▸ **Available data**
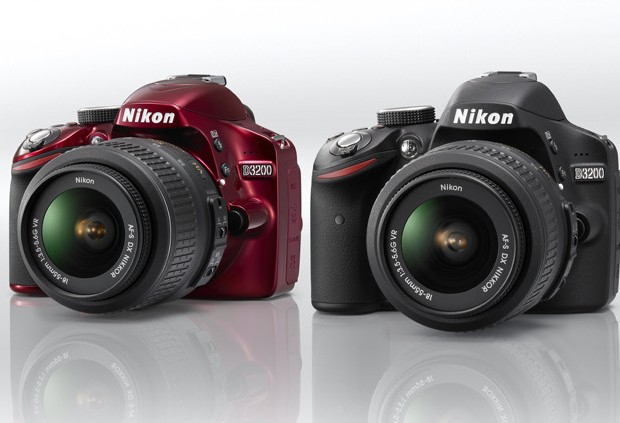 nikon-d3200-camera-24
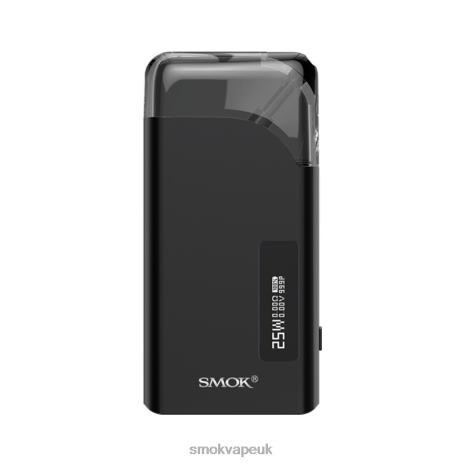 SMOK UK Store H066L200 | Black SMOK Thiner Kit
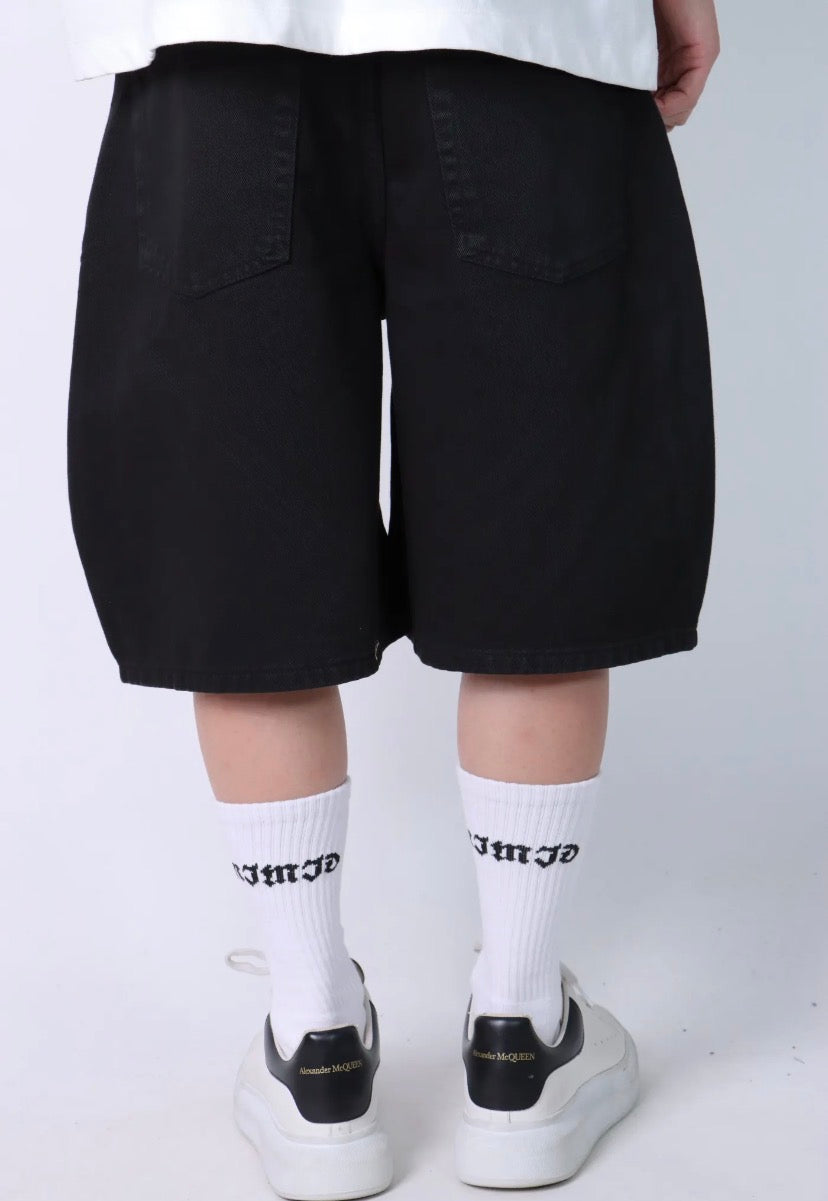 22€ - pacco di 8 pz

▸ **To do**
Write the data above out again exactly, every line of it, and exclude the pictures.

▸ **Output for this task**
 nikon-d3200-camera-24
 SMOK UK Store H066L200 | Black SMOK Thiner Kit
 22€ - pacco di 8 pz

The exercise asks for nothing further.